Suplentes ganham protagonismo na disputa pelo Senado na Paraíba
7 de agosto de 2026
Redação

Além dos candidatos que disputam as duas vagas da Paraíba no Senado Federal nas eleições de 2026, outro grupo assume papel estratégico na composição das chapas: os suplentes. Responsáveis por substituir os titulares em caso de licença, afastamento, renúncia ou vacância do mandato, os nomes escolhidos pelos partidos revelam articulações políticas, alianças regionais e acordos entre diferentes legendas.

Os registros das candidaturas e das respectivas suplências foram apresentados à Justiça Eleitoral dentro do calendário estabelecido pelo Tribunal Superior Eleitoral (TSE), consolidando as principais composições para a disputa. 

Marcelo Queiroga aposta em pastor e esposa de Efraim

O candidato do PL ao Senado, Marcelo Queiroga, registrou sua chapa em 6 de agosto com o pastor Flávio Amaral, também identificado como Flávio Cassanello Amaral, na primeira suplência. A segunda suplente é a publicitária Carol Morais, esposa do candidato ao Governo da Paraíba, Efraim Filho.

A definição encerrou as especulações de que a advogada Nayana Pontes, esposa do deputado federal Cabo Gilberto Silva, ocuparia uma das suplências. Ela acabou sendo escolhida para compor a chapa majoritária como candidata a vice-governadora ao lado de Efraim Filho.

Nabor reúne Daniella Ribeiro e Renato Feliciano

O candidato do Republicanos, Nabor Wanderley, confirmou como primeira suplente a senadora Daniella Ribeiro (PP), decisão anunciada durante a convenção “Pra Cima, Paraíba”, realizada em 5 de agosto.

A escolha fortaleceu a aliança entre Republicanos, Progressistas e o grupo político do governador Lucas Ribeiro, já que Daniella é mãe do chefe do Executivo estadual.

Na segunda suplência foi confirmado o empresário Renato Feliciano, filho do deputado federal Damião Feliciano (União Brasil), ampliando a participação do União Brasil na composição da chapa.

João Azevêdo manteve suspense sobre suplentes

O candidato do PSB, João Azevêdo, adotou discrição durante todo o processo de montagem da chapa. Antes da convenção conjunta realizada em 5 de agosto, chegaram a ser cogitados nomes como o empresário Zenildo Oliveira, ex-vice-prefeito de Sousa; a tenente-coronel Viviane Vieira; e Rodrigo Farias, do PT.

Durante o período de articulação, Azevêdo afirmou que buscava suplentes que possuíssem identidade política e ideológica com sua candidatura. Os nomes foram mantidos sob sigilo até a realização da convenção. 

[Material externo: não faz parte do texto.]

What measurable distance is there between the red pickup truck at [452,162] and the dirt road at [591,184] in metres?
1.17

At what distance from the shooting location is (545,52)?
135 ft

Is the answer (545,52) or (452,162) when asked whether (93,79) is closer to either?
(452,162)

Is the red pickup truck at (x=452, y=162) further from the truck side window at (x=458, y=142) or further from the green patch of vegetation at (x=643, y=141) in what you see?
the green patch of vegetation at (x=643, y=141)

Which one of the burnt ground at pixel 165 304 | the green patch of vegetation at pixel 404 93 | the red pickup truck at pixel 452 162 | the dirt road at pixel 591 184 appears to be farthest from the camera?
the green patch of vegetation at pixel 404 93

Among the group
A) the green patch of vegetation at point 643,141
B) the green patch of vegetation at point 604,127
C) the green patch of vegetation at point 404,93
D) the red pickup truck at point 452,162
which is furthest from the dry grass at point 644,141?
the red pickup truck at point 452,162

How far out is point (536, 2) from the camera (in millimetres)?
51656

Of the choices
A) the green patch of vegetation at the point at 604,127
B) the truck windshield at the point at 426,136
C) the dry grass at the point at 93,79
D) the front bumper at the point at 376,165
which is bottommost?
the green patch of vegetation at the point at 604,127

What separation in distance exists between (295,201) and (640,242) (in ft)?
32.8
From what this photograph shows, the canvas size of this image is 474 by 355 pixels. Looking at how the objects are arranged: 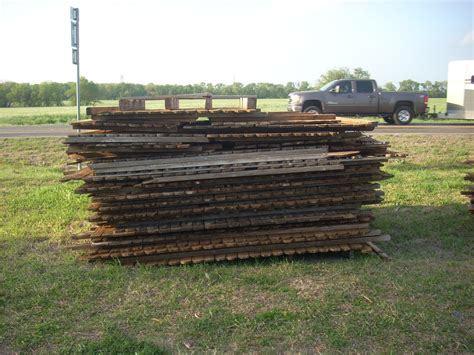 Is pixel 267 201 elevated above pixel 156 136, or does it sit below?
below

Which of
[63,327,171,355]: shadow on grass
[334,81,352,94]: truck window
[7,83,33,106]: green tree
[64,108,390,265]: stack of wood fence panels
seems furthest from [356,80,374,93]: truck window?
[7,83,33,106]: green tree

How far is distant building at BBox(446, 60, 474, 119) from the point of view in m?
21.8

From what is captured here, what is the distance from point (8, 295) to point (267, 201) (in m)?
2.74

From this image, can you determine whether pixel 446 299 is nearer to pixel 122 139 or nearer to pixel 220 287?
pixel 220 287

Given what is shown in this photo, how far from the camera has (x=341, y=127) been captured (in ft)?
19.4

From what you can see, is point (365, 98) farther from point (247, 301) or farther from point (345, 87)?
point (247, 301)

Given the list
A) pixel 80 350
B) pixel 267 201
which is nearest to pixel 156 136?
pixel 267 201

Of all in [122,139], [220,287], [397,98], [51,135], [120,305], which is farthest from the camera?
[397,98]

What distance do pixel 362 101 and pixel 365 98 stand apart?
0.17m

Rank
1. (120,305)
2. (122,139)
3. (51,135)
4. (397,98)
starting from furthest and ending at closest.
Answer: (397,98), (51,135), (122,139), (120,305)

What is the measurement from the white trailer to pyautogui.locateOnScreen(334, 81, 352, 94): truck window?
510 cm

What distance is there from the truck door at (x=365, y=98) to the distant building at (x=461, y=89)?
4.35 meters

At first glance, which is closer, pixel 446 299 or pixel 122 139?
pixel 446 299

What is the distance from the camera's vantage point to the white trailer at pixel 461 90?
21.8 meters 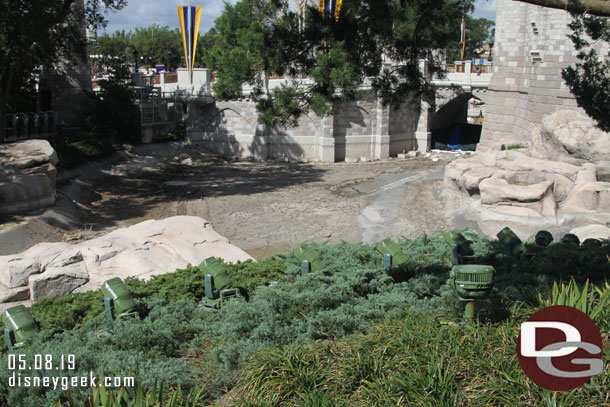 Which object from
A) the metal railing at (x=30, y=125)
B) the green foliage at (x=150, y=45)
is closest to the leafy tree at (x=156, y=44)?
the green foliage at (x=150, y=45)

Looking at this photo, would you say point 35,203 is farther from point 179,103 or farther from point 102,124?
point 179,103

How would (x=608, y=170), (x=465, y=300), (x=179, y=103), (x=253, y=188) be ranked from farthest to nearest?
(x=179, y=103)
(x=253, y=188)
(x=608, y=170)
(x=465, y=300)

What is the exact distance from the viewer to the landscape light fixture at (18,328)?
632cm

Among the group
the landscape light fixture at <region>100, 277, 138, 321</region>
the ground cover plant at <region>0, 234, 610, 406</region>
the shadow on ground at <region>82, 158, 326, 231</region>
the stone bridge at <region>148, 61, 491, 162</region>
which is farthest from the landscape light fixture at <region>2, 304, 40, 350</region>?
the stone bridge at <region>148, 61, 491, 162</region>

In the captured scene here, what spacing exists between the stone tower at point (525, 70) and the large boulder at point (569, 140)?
485 cm

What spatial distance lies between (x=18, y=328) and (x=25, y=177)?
11.9 m

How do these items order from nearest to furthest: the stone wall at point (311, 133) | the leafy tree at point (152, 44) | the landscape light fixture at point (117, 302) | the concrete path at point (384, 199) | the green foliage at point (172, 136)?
the landscape light fixture at point (117, 302), the concrete path at point (384, 199), the stone wall at point (311, 133), the green foliage at point (172, 136), the leafy tree at point (152, 44)

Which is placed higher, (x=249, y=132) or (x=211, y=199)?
(x=249, y=132)

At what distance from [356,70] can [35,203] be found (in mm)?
11713

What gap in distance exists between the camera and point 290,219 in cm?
1856

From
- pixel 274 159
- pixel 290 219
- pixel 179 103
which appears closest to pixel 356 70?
pixel 290 219

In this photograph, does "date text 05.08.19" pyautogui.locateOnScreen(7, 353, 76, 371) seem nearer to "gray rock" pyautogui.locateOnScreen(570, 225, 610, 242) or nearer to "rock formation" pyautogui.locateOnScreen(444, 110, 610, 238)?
"gray rock" pyautogui.locateOnScreen(570, 225, 610, 242)

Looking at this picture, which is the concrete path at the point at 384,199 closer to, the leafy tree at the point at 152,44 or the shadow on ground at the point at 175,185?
the shadow on ground at the point at 175,185

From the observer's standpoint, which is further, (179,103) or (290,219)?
(179,103) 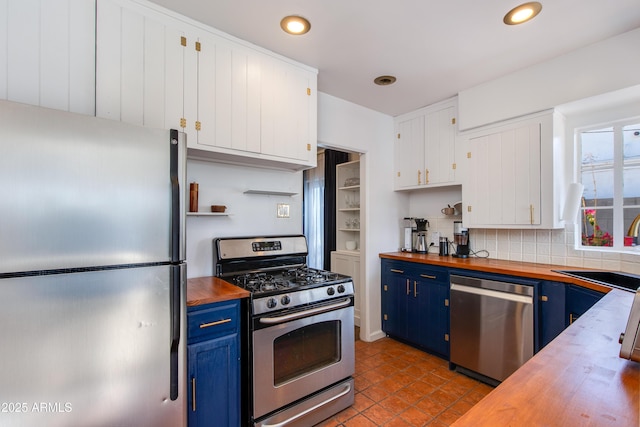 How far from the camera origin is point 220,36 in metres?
2.02

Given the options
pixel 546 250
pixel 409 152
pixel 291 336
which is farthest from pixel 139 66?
pixel 546 250

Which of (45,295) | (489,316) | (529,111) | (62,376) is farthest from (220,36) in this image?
(489,316)

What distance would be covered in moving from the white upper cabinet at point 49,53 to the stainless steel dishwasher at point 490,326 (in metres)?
3.02

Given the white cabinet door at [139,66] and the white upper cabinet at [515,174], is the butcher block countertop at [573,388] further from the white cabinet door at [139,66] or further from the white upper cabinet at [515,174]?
the white cabinet door at [139,66]

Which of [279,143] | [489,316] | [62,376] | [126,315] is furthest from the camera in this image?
[489,316]

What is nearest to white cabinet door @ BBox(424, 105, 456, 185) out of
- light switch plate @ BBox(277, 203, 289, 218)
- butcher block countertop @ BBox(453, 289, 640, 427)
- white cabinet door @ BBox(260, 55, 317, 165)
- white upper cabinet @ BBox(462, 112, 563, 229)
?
white upper cabinet @ BBox(462, 112, 563, 229)

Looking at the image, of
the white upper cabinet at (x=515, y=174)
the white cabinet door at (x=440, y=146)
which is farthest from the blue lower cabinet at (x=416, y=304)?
the white cabinet door at (x=440, y=146)

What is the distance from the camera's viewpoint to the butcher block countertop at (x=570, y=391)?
661mm

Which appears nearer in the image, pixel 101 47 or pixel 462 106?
pixel 101 47

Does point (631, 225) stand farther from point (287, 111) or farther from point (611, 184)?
point (287, 111)

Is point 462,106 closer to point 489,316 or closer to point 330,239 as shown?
point 489,316

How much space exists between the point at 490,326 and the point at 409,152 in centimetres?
200

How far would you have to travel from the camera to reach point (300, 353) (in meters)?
1.95

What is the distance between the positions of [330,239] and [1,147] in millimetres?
3869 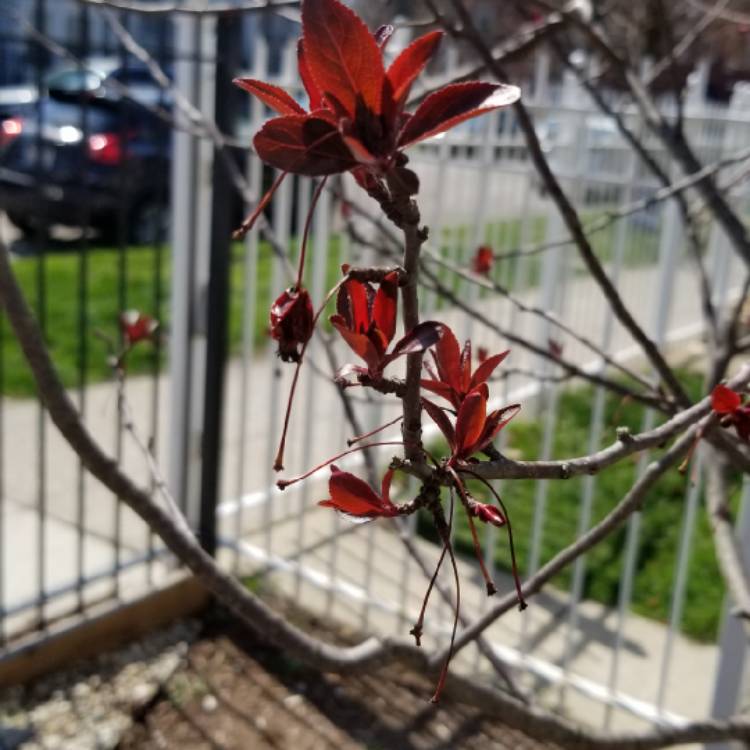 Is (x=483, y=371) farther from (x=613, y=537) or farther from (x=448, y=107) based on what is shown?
(x=613, y=537)

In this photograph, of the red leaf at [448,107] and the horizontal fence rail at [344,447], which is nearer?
the red leaf at [448,107]

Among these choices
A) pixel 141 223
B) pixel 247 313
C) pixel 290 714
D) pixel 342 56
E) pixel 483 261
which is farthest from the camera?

Veneziano escolhe Janine Lucena e Paulo Rabelo

Candidato à reeleição pelo MDB, o senador Veneziano Vital do Rêgo oficializou como primeira suplente Janine Lucena, ex-secretária executiva de Saúde de João Pessoa e filha do candidato ao Governo da Paraíba, Cícero Lucena.

A segunda suplência ficou com Paulo Rabelo, diretor-presidente e diretor de Gestão da Agência Nacional de Saúde Suplementar (ANS). Graduado em Direito, ele também integra o Fórum Nacional do Judiciário para a Saúde, do Conselho Nacional de Justiça (CNJ), e preside o Comitê das Agências Reguladoras (COARF).

André Gadelha fortalece presença em Campina Grande

Também pelo MDB, o deputado estadual André Gadelha definiu como primeira suplente a vereadora de Campina Grande Ivonete Ludgério (PSD).

Em seu terceiro mandato na Câmara Municipal, onde já presidiu o Legislativo campinense, Ivonete desistiu da disputa por uma vaga na Câmara dos Deputados para integrar a chapa ao Senado. A escolha amplia a presença política da candidatura na segunda maior cidade do estado.

Composições refletem estratégia eleitoral

As definições das suplências mostram que os partidos utilizaram as vagas para consolidar alianças entre legendas, ampliar a representatividade regional e incorporar lideranças políticas, empresariais e religiosas às chapas.

Embora os suplentes raramente apareçam no centro do debate eleitoral, eles exercem papel relevante na estrutura política do Senado, podendo assumir o mandato em situações de afastamento temporário ou definitivo dos titulares. Por isso, suas escolhas também fazem parte das estratégias eleitorais adotadas pelas coligações para a disputa de 2026.